Documentation
¶
Overview ¶
Package ratelimit provides rate limiting functionality for the crawler.
Index ¶
- type AdaptiveRateLimiter
- type Limiter
- func (l *Limiter) Allow() bool
- func (l *Limiter) AllowDomain(domain string) bool
- func (l *Limiter) GetCrawlDelay(domain, userAgent string) time.Duration
- func (l *Limiter) GetRobots() *RobotsManager
- func (l *Limiter) IsAllowed(ctx context.Context, domain, path, userAgent string, respectRobots bool) bool
- func (l *Limiter) Reserve() *rate.Reservation
- func (l *Limiter) SetDomainDelay(delay time.Duration)
- func (l *Limiter) SetDomainRate(domain string, requestsPerSecond float64, burst int)
- func (l *Limiter) SetRate(requestsPerSecond float64, burst int)
- func (l *Limiter) Stats() LimiterStats
- func (l *Limiter) Wait(ctx context.Context) error
- func (l *Limiter) WaitDomain(ctx context.Context, domain string) error
- type LimiterStats
- type RobotsManager
- type RobotsRules
Constants ¶
This section is empty.
Variables ¶
This section is empty.
Functions ¶
This section is empty.
Types ¶
type AdaptiveRateLimiter ¶
type AdaptiveRateLimiter struct {
*Limiter
// contains filtered or unexported fields
}
AdaptiveRateLimiter adjusts rate based on response times and errors.
func NewAdaptiveRateLimiter ¶
func NewAdaptiveRateLimiter(minRate, maxRate float64, burst int) *AdaptiveRateLimiter
NewAdaptiveRateLimiter creates a new adaptive rate limiter.
func (*AdaptiveRateLimiter) CurrentRate ¶
func (a *AdaptiveRateLimiter) CurrentRate() float64
CurrentRate returns the current rate.
func (*AdaptiveRateLimiter) RecordError ¶
func (a *AdaptiveRateLimiter) RecordError()
RecordError records a failed request.
func (*AdaptiveRateLimiter) RecordSuccess ¶
func (a *AdaptiveRateLimiter) RecordSuccess()
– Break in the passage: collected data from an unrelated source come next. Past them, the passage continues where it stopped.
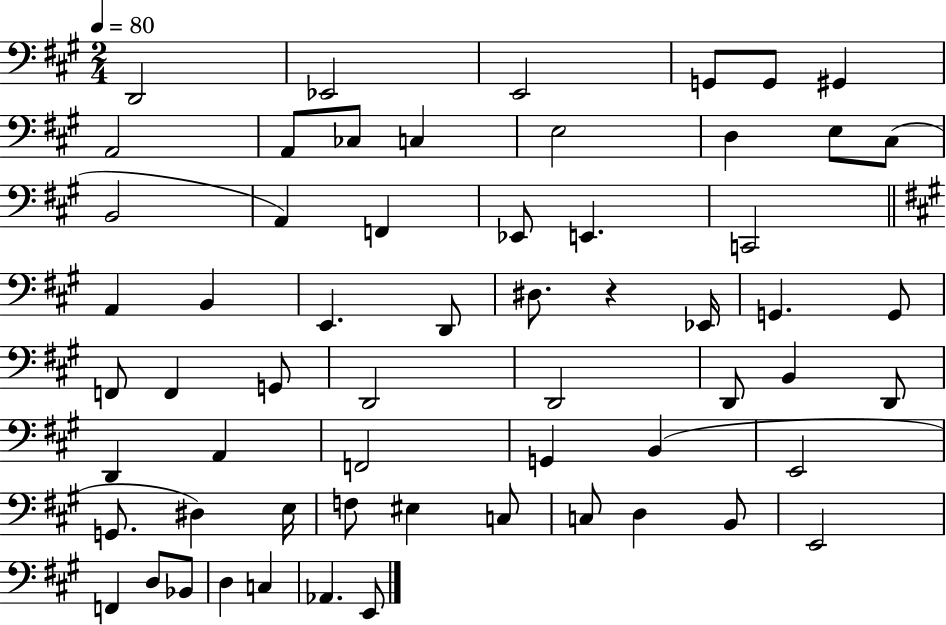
X:1
T:Untitled
M:2/4
L:1/4
K:A
D,,2 _E,,2 E,,2 G,,/2 G,,/2 ^G,, A,,2 A,,/2 _C,/2 C, E,2 D, E,/2 ^C,/2 B,,2 A,, F,, _E,,/2 E,, C,,2 A,, B,, E,, D,,/2 ^D,/2 z _E,,/4 G,, G,,/2 F,,/2 F,, G,,/2 D,,2 D,,2 D,,/2 B,, D,,/2 D,, A,, F,,2 G,, B,, E,,2 G,,/2 ^D, E,/4 F,/2 ^E, C,/2 C,/2 D, B,,/2 E,,2 F,, D,/2 _B,,/2 D, C, _A,, E,,/2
RecordSuccess records a successful request.
type Limiter ¶
type Limiter struct {
// contains filtered or unexported fields
}
Limiter implements rate limiting for crawling.
func NewLimiter ¶
NewLimiter creates a new rate limiter.
func (*Limiter) AllowDomain ¶
AllowDomain checks if a request to a domain is allowed without blocking.
func (*Limiter) GetCrawlDelay ¶
GetCrawlDelay returns the crawl delay for a domain from robots.txt.
func (*Limiter) GetRobots ¶
func (l *Limiter) GetRobots() *RobotsManager
GetRobots returns the robots.txt manager.
func (*Limiter) IsAllowed ¶
func (l *Limiter) IsAllowed(ctx context.Context, domain, path, userAgent string, respectRobots bool) bool
IsAllowed checks if a URL is allowed by rate limit and robots.txt.
func (*Limiter) Reserve ¶
func (l *Limiter) Reserve() *rate.Reservation
Reserve reserves a token for later use.
func (*Limiter) SetDomainDelay ¶
SetDomainDelay sets the minimum delay between requests to the same domain.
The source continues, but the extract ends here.